The EXCITE trial is the first multisite randomized study to demonstrate the efficacy of a rehabilitative intervention. It therefore moves neurorehabilitative care into the area of evidence-based medicine. The intervention, constraint-induced therapy for 2 weeks, including up to 6 hours of physical therapy assistance per workday and wearing a restraining mitt on the less affected arm for 90% of waking hours for 14 days, improved functional use of the affected arm and reduced disability. These benefits were maintained for at least 12 months. The control group followed customary care provided by their treating physician and also improved arm function but significantly less so than the constraint-induced therapy group.

Constraint-induced therapy was developed based on the theory of learned nonuse of the paretic arm in the deafferented monkey model.7 Deafferentiation leads to adaptations in cortical and subcortical motor circuits, a form of neuroplasticity that has negative consequences for the deafferented arm. By restraining the intact arm (forced use), the therapy aims at reverting learned nonuse. Constraint-induced therapy combines forced use with repetitive training and shaping, techniques that are known to induce “positive” neuroplastic adaptations that lead to improved performance in the trained tasks. While a number of interventions following neuroplasticity approaches have shown some efficacy, constraint-induced therapy applied according to the study protocol is the first neuroplasticity therapy for which controlled multicenter evidence is now available. However, the single vs combined effects of these components, forced use or repetitive training and shaping, remain unresolved.

As the first large controlled trial in neurorehabilitation, the study by Wolf et al leaves important questions for future trials. According to the EXCITE protocol, constraint-induced therapy is only applicable to patients with limited disability (preserved ≥10° active wrist extension, ≥10° thumb abduction/extension, and ≥10° of extension in ≥2 additional digits). Different interventions may be necessary for more severely disabled patients. In low-functioning individuals, the safety of constraint-induced therapy needs to be considered; eg, the restraining mitt promoting falls in patients with gait impairment. Given the sample size of the trial, low-frequency events such as these may not be well-estimated.

Although adherence to the protocol was rigidly controlled in this trial, compliance may pose a problem in routine use because the therapy will increase patients' burdens in activities of daily living.

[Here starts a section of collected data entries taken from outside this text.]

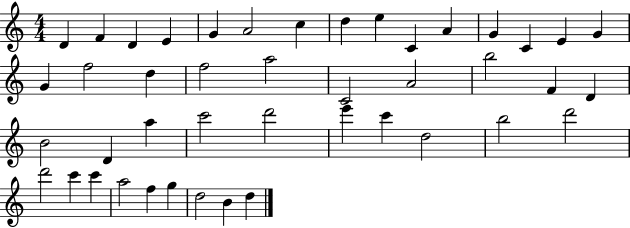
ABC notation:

X:1
T:Untitled
M:4/4
L:1/4
K:C
D F D E G A2 c d e C A G C E G G f2 d f2 a2 C2 A2 b2 F D B2 D a c'2 d'2 e' c' d2 b2 d'2 d'2 c' c' a2 f g d2 B d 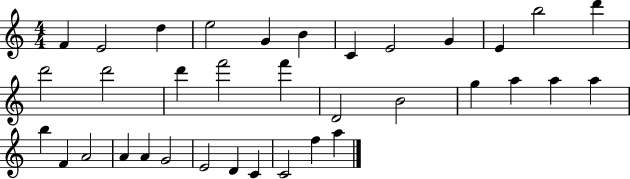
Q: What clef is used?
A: treble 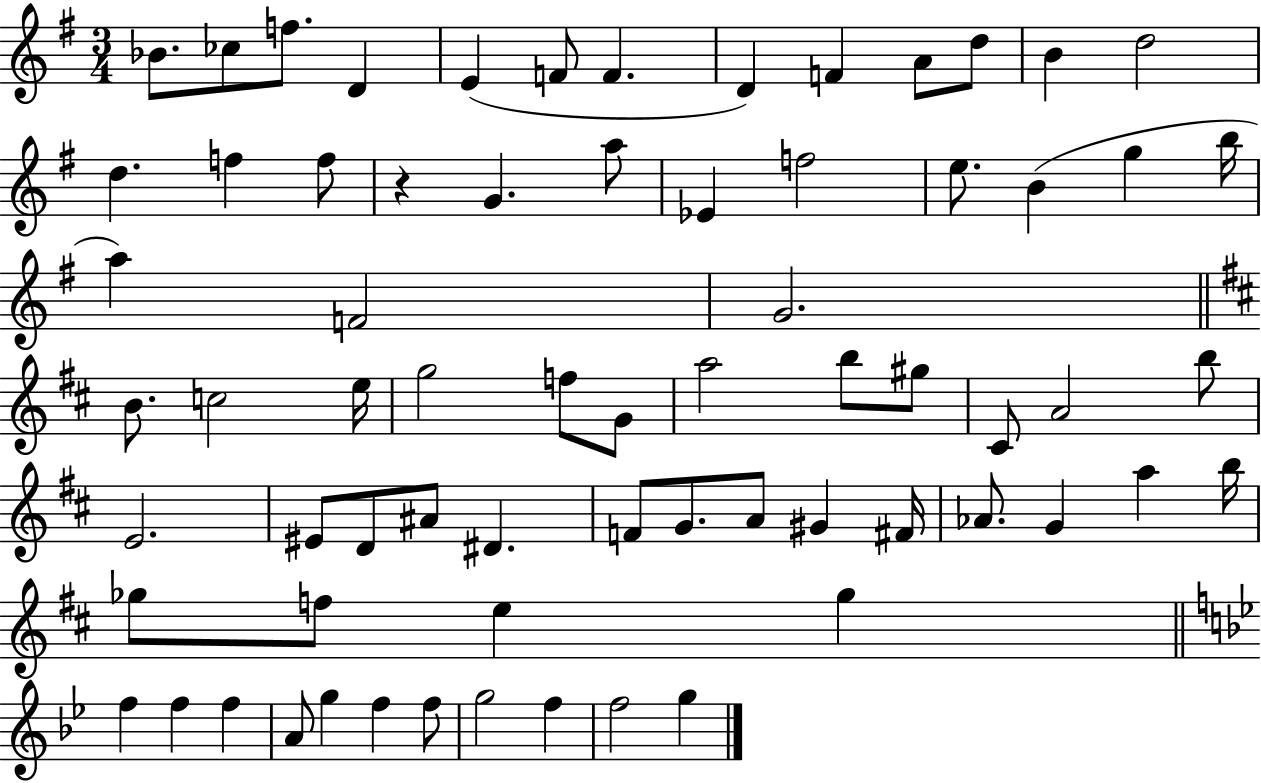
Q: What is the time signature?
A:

High dropout rates (approximately 24% in the report by Wolf et al) are a common problem in rehabilitation trials because of population age and comorbidities. It remains to be investigated whether in clinical practice a similar rate of patients are lost to follow-up and whether this attrition has an unfavorable effect on outcome or secondary cardiovascular prevention. Other rehabilitative interventions, performed before or during the study period, may have played a facilitative role that is undefined by the current study design. Furthermore, imaging data was not gathered; therefore, stroke location as a potential predictor for efficacy could not be addressed.8 9

The trial by Wolf et al confirmed the persistence of the therapeutic effect over 12 months, but longer follow-up data are needed to truly estimate patient benefits and to assess the durability of the response. The time point of administration of constraint-induced therapy was 3 to 9 months after the index stroke. Given that constraint-induced therapy shows some efficacy in patients with chronic disability,7 the optimal time point for the intervention needs to be defined. Similarly, the minimum intensity for effective constraint-induced therapy is unknown and will be of interest when treatment cost becomes an issue in clinical routine.

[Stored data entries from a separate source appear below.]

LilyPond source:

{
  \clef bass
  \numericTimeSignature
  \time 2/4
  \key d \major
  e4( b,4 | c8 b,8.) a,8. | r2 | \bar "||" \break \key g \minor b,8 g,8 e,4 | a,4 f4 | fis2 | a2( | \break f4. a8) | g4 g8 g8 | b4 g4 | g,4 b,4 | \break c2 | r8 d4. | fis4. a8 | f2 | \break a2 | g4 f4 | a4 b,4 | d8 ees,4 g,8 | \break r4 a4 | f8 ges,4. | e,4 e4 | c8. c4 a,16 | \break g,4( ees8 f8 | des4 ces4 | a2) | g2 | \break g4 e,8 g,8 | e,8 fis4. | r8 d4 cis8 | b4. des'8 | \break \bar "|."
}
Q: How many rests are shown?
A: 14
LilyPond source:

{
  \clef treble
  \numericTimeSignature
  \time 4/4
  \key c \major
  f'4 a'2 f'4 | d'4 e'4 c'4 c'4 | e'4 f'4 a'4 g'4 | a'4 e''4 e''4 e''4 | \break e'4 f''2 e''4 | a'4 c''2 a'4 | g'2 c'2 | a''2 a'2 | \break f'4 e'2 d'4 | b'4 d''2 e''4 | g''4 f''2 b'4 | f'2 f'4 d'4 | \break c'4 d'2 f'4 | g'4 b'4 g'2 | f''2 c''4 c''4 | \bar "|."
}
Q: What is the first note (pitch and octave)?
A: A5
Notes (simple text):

Despite the number of unanswered questions, constraint-induced therapy, if it were a drug, would probably receive approval based on the EXCITE results. Integration of constraint-induced therapy into routine patient care has begun to occur outside of the United States.10 12 Even though it remains unknown whether constraint-induced therapy fully exploits the potential for functional recovery, the improvements patients experience are substantial and merit strong consideration of constraint-induced therapy by those responsible for practice guidelines and insurance benefits.

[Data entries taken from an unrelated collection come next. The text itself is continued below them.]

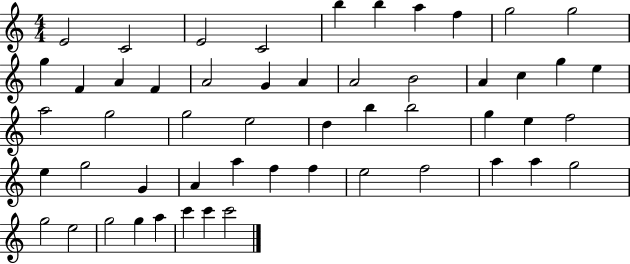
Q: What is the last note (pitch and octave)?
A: C6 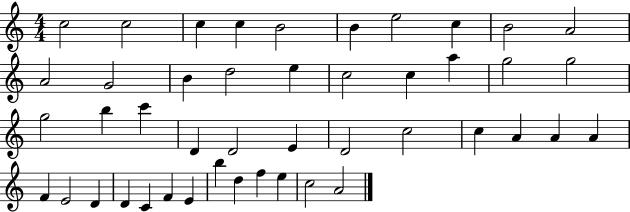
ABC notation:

X:1
T:Untitled
M:4/4
L:1/4
K:C
c2 c2 c c B2 B e2 c B2 A2 A2 G2 B d2 e c2 c a g2 g2 g2 b c' D D2 E D2 c2 c A A A F E2 D D C F E b d f e c2 A2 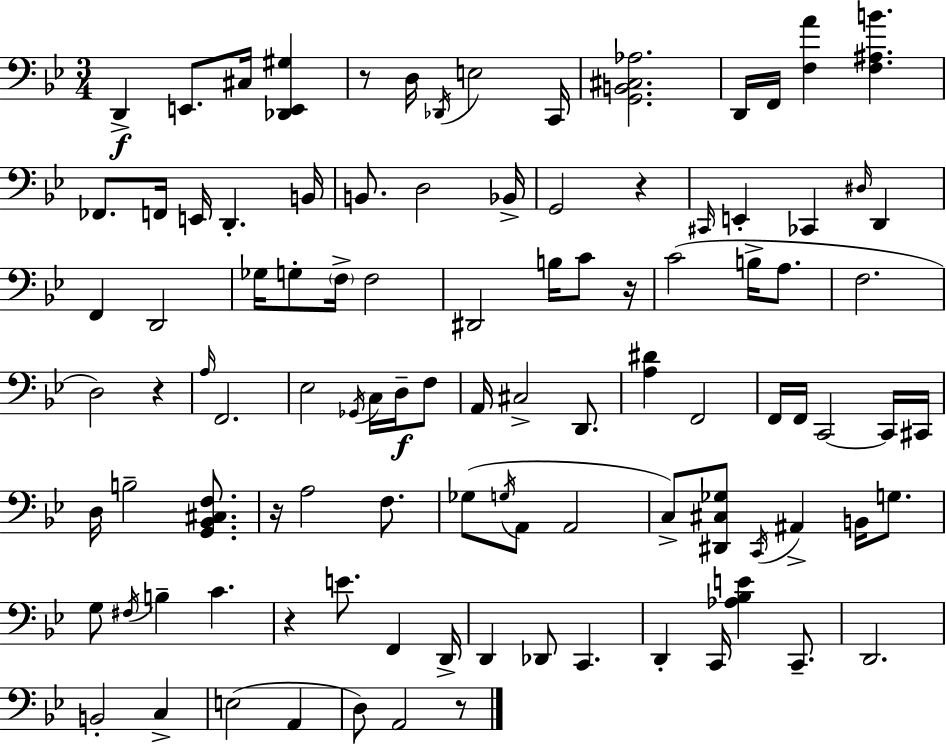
{
  \clef bass
  \numericTimeSignature
  \time 3/4
  \key bes \major
  d,4->\f e,8. cis16 <des, e, gis>4 | r8 d16 \acciaccatura { des,16 } e2 | c,16 <g, b, cis aes>2. | d,16 f,16 <f a'>4 <f ais b'>4. | \break fes,8. f,16 e,16 d,4.-. | b,16 b,8. d2 | bes,16-> g,2 r4 | \grace { cis,16 } e,4-. ces,4 \grace { dis16 } d,4 | \break f,4 d,2 | ges16 g8-. \parenthesize f16-> f2 | dis,2 b16 | c'8 r16 c'2( b16-> | \break a8. f2. | d2) r4 | \grace { a16 } f,2. | ees2 | \break \acciaccatura { ges,16 } c16 d16--\f f8 a,16 cis2-> | d,8. <a dis'>4 f,2 | f,16 f,16 c,2~~ | c,16 cis,16 d16 b2-- | \break <g, bes, cis f>8. r16 a2 | f8. ges8( \acciaccatura { g16 } a,8 a,2 | c8->) <dis, cis ges>8 \acciaccatura { c,16 } ais,4-> | b,16 g8. g8 \acciaccatura { fis16 } b4-- | \break c'4. r4 | e'8. f,4 d,16-> d,4 | des,8 c,4. d,4-. | c,16 <aes bes e'>4 c,8.-- d,2. | \break b,2-. | c4-> e2( | a,4 d8) a,2 | r8 \bar "|."
}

The findings from this trial also raise questions that merit further research. For instance, it is becoming certain that frequent repetition of simple movements (representing part or all of a specific task) has been underperformed in traditional clinical interventions, resulting in diminished physical function. Although the EXCITE trial suggests that patients with stroke have been undertreated, the amount of disability that can be reversed is yet unknown. Future neurorehabilitative trials must define a recovery target and explore whether disability can be reduced further. Modifications to constraint-induced therapy or supportive interventions such as drug therapy13 may increase its efficacy. Therefore, a critical task for investigation and clinical development is to maximize the benefit of these interventions. In this context, the minimum effective intensity must be established (ie, duration of training, frequency of repetition, and the number of distinct movements that must be trained). This seems particularly important after the EXCITE trial, as current clinical evaluations suggest that routine therapy does not approach the intensity of treatment applied in this study.14

Another major research direction involves understanding the biological mechanism of the observed motor improvements. Does constraint-induced therapy alter limb mechanical function, or does its repetitive nature of training access neural circuit plasticity by exceeding a repetitive threshold? Early mechanistic work suggests that constraint-induced therapy modifies brain circuitry, particularly motor and premotor cortices in the affected hemisphere, to produce its benefit.15 16 Repetitive interventions were shown to recruit sensory-motor cortex in the undamaged hemisphere and cerebellum as interconnected circuits.17 If these circuits are the biological substrate for the recovery effects of rehabilitation, clinical and mechanistic tests must be designed to understand how to maximally stimulate these areas and to determine if lesions involving these areas limit the effectiveness of therapies such as constraint-induced therapy. The EXCITE trial has moved the clinical and basic science world of recovery investigation past the age in which untested neurodevelopmental principles18 drove intervention design into an era in which improvements can be built on an efficacious treatment.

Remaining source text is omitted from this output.